(Problem to solve) Write out the records below exactly as they appear, skipping each picture.

**** Information ****

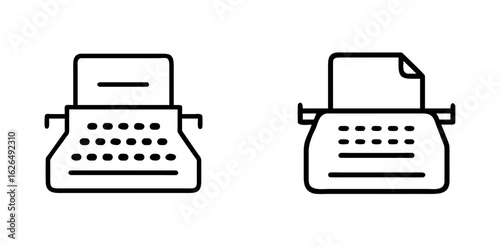 Typewriter Writing and Office Line Icons Set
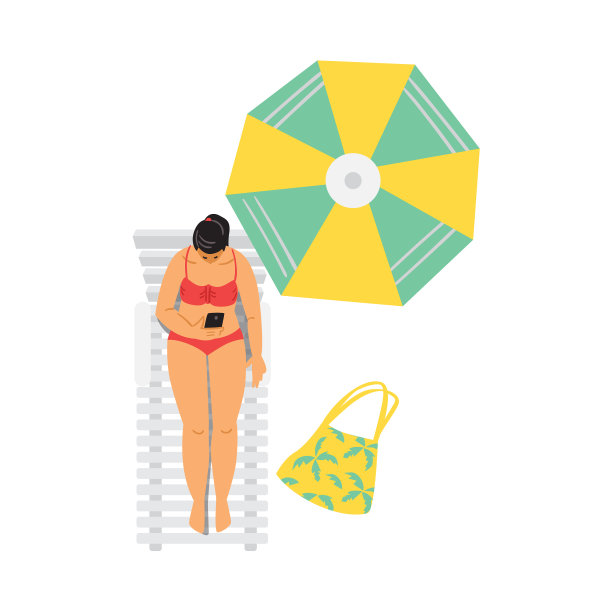 年轻女子在比基尼放松日光浴附近图片下载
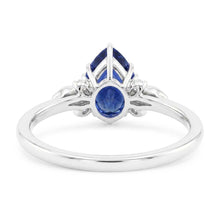 Blue Sapphire Natural Earth Mined Diamond Anniversary Ring 2 Carats Pear Cut Prong Set New
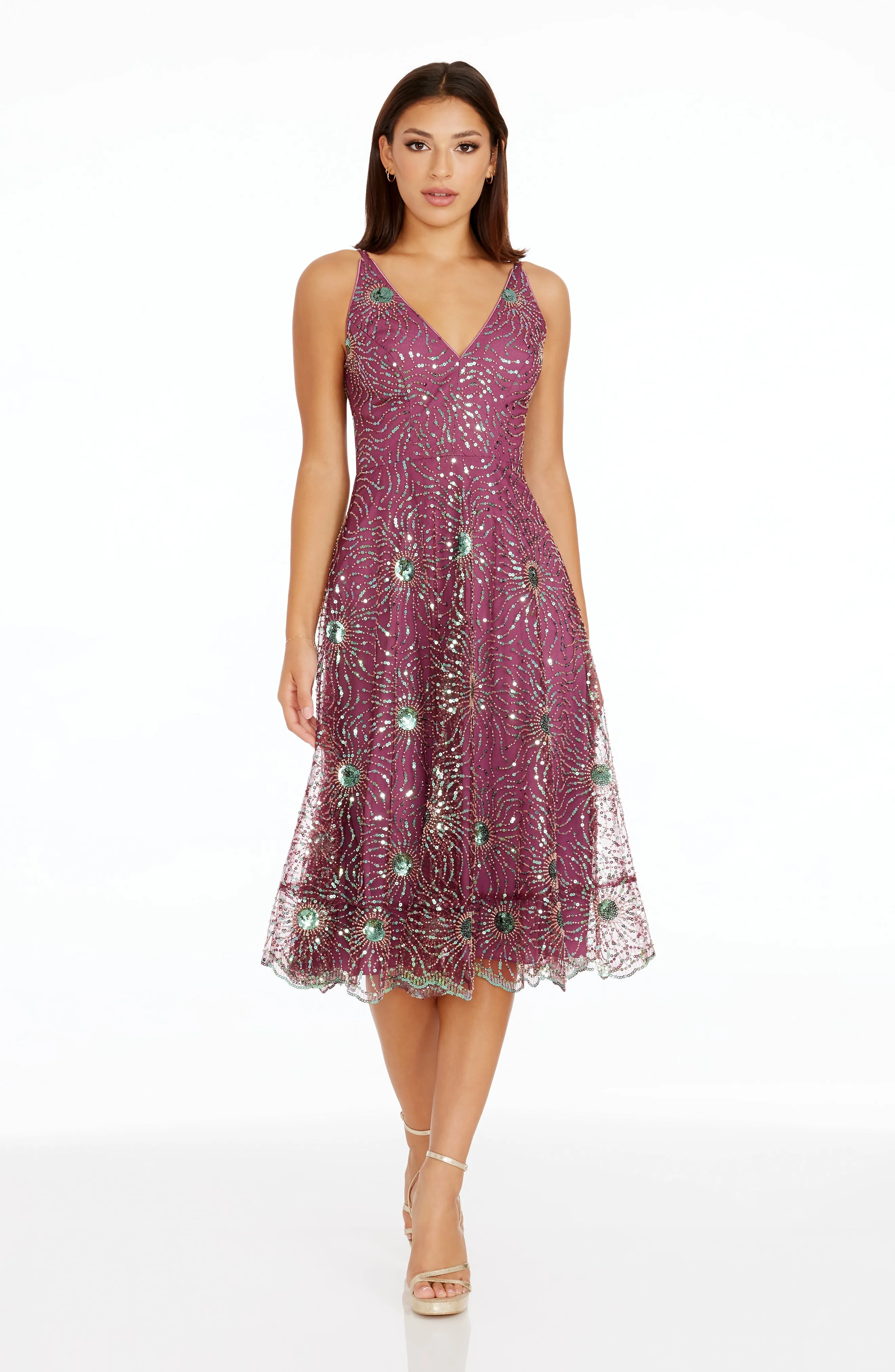 Elisa Orchid Sequin Dress sold by Dress the Population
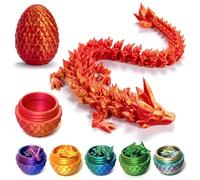 ZZXIAOJIE 3D Printed Dragon Egg Fidget Toys Mystery Crystal 3D Printed Animals Articulated Dragon Easter Eggs Gifts Home Desk Decor (Red.A)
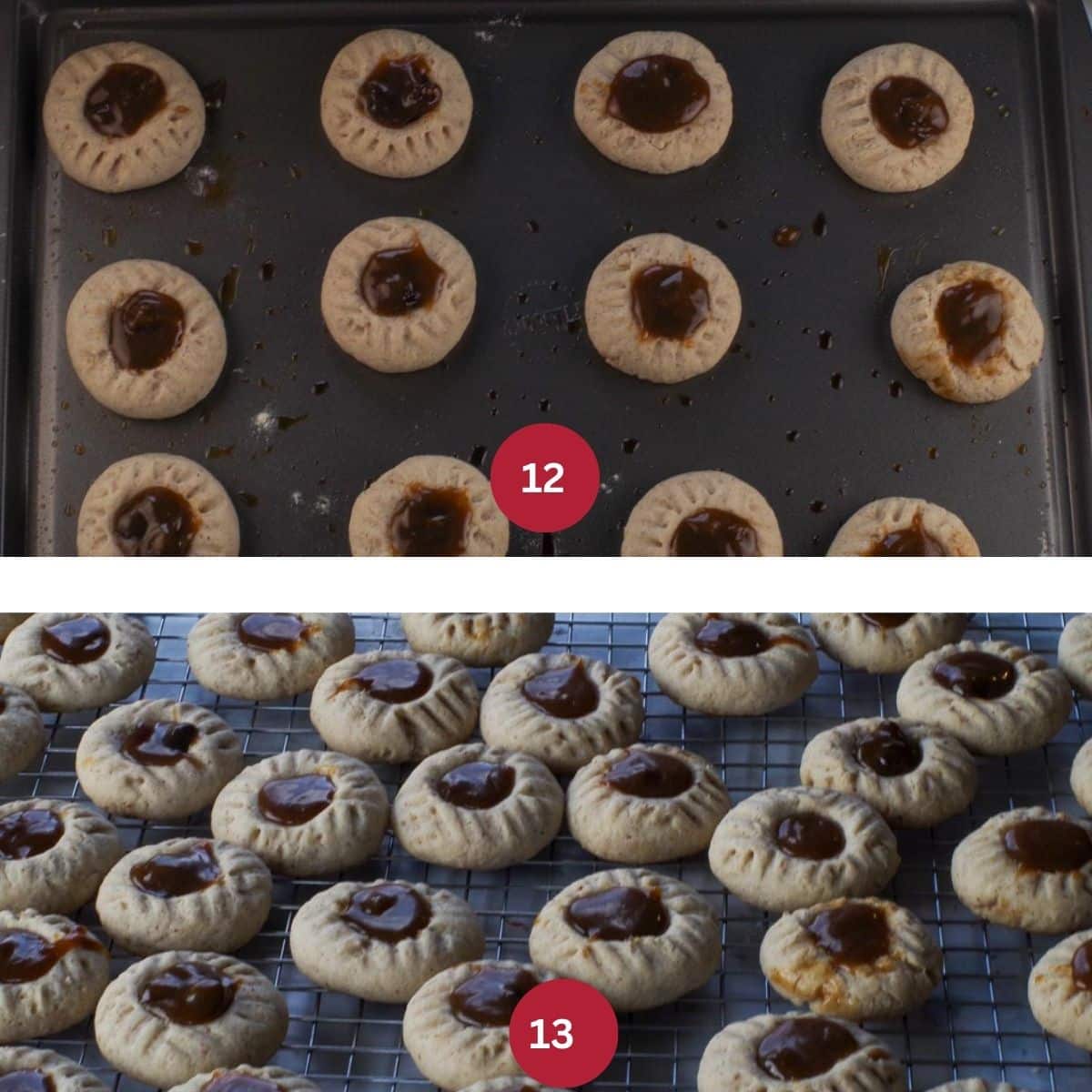 Butter Tart Cookies being   filled and cooled on wire rack.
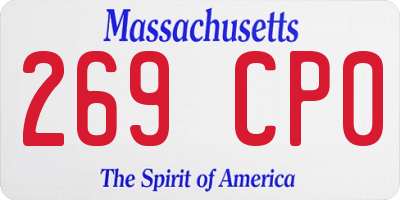 MA license plate 269CP0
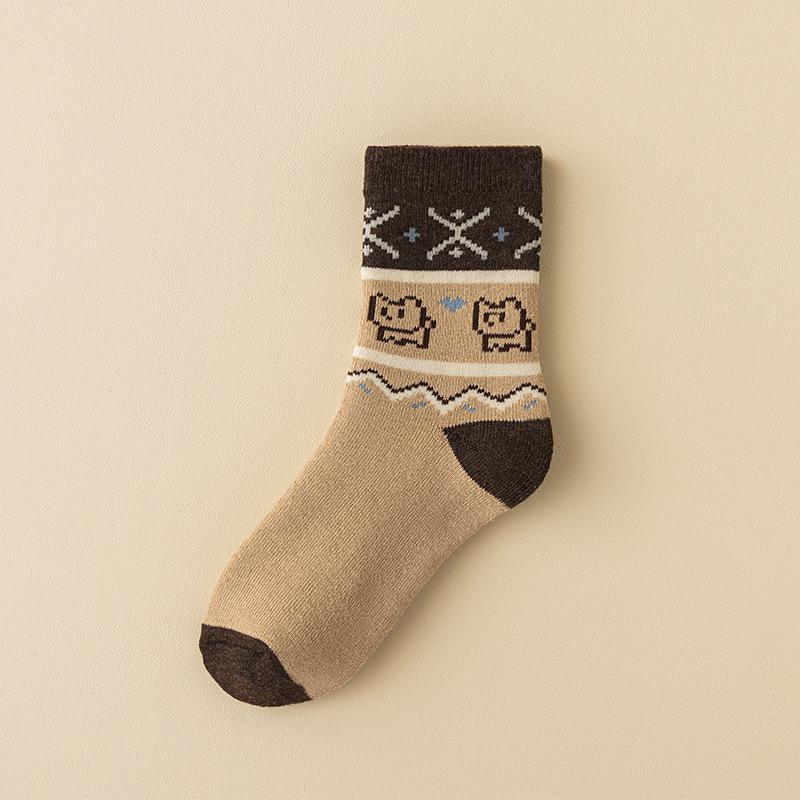 Женские толстые теплые носки для сна с узором Fair Isle из бархата, средней длины до середины икры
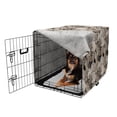 thumbnail image 2 of Floral Dog Crate Cover, Vintage Plant Arrangement with Soft Colors Faded Foliage Leaves Natural Vegetation, Easy to Use Pet Kennel Cover for Medium Large Dogs, 35" x 23" x 27", Tan Black, by Ambesonne, 2 of 6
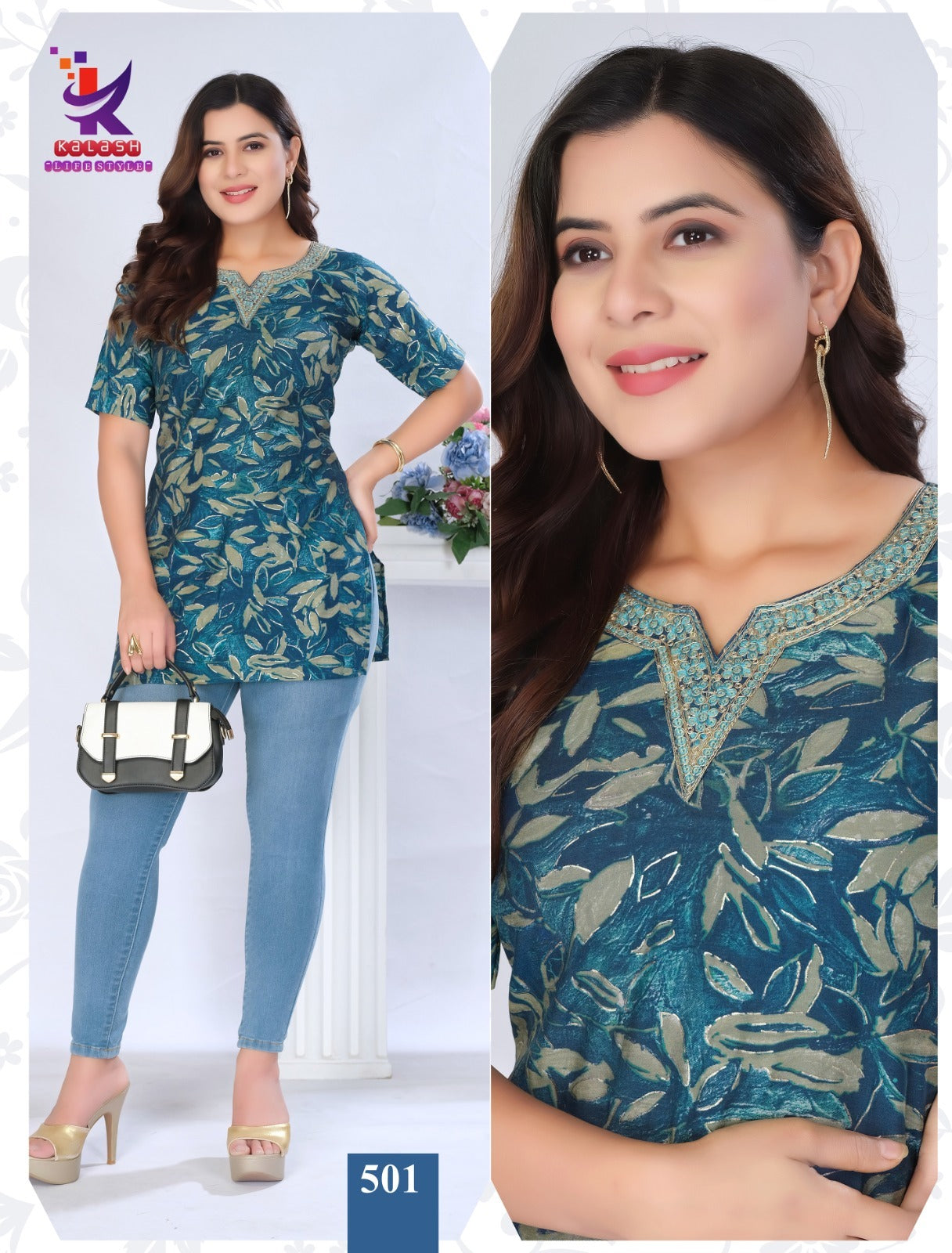 True Glow Mlm Kalash Lifestyle Heavy Foil Short Kurtis Exporter Ahmedabad
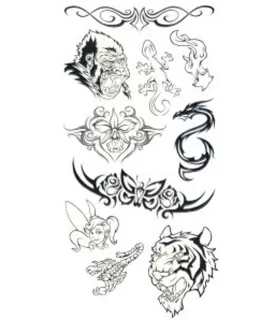 Gotta Glo Tiger And Gorilla Temporary Tattoos (10ct)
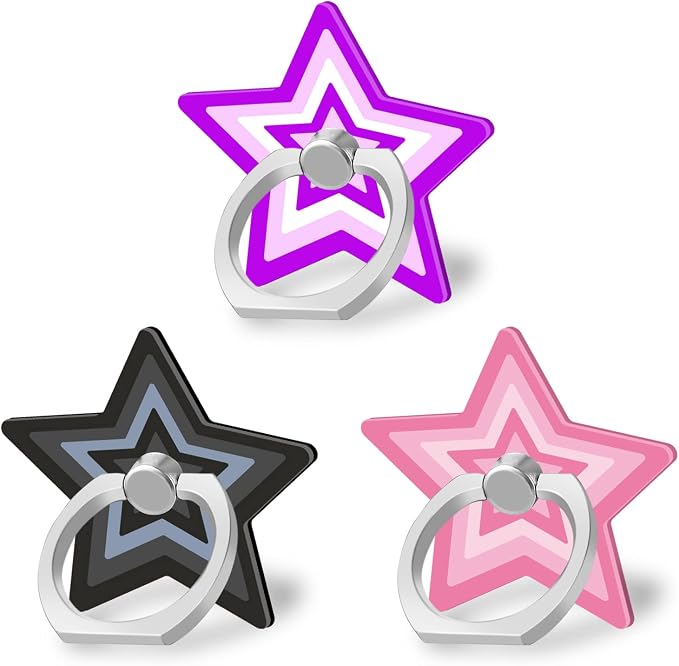 Bonoma Cute Star Phone Ring Holder, 3 Pack Universal Finger Ring Stand Grip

****

(The completed task)
 Typewriter Writing and Office Line Icons Set
 年轻女子在比基尼放松日光浴附近图片下载
 Blue Sapphire Natural Earth Mined Diamond Anniversary Ring 2 Carats Pear Cut Prong Set New
 Elisa Orchid Sequin Dress sold by Dress the Population
 ZZXIAOJIE 3D Printed Dragon Egg Fidget Toys Mystery Crystal 3D Printed Animals Articulated Dragon Easter Eggs Gifts Home Desk Decor (Red.A)
 Butter Tart Cookies being   filled and cooled on wire rack.
 MA license plate 269CP0
 Женские толстые теплые носки для сна с узором Fair Isle из бархата, средней длины до середины икры
 thumbnail image 2 of Floral Dog Crate Cover, Vintage Plant Arrangement with Soft Colors Faded Foliage Leaves Natural Vegetation, Easy to Use Pet Kennel Cover for Medium Large Dogs, 35" x 23" x 27", Tan Black, by Ambesonne, 2 of 6
 True Glow Mlm Kalash Lifestyle Heavy Foil Short Kurtis Exporter Ahmedabad
 Gotta Glo Tiger And Gorilla Temporary Tattoos (10ct)
 Bonoma Cute Star Phone Ring Holder, 3 Pack Universal Finger Ring Stand Grip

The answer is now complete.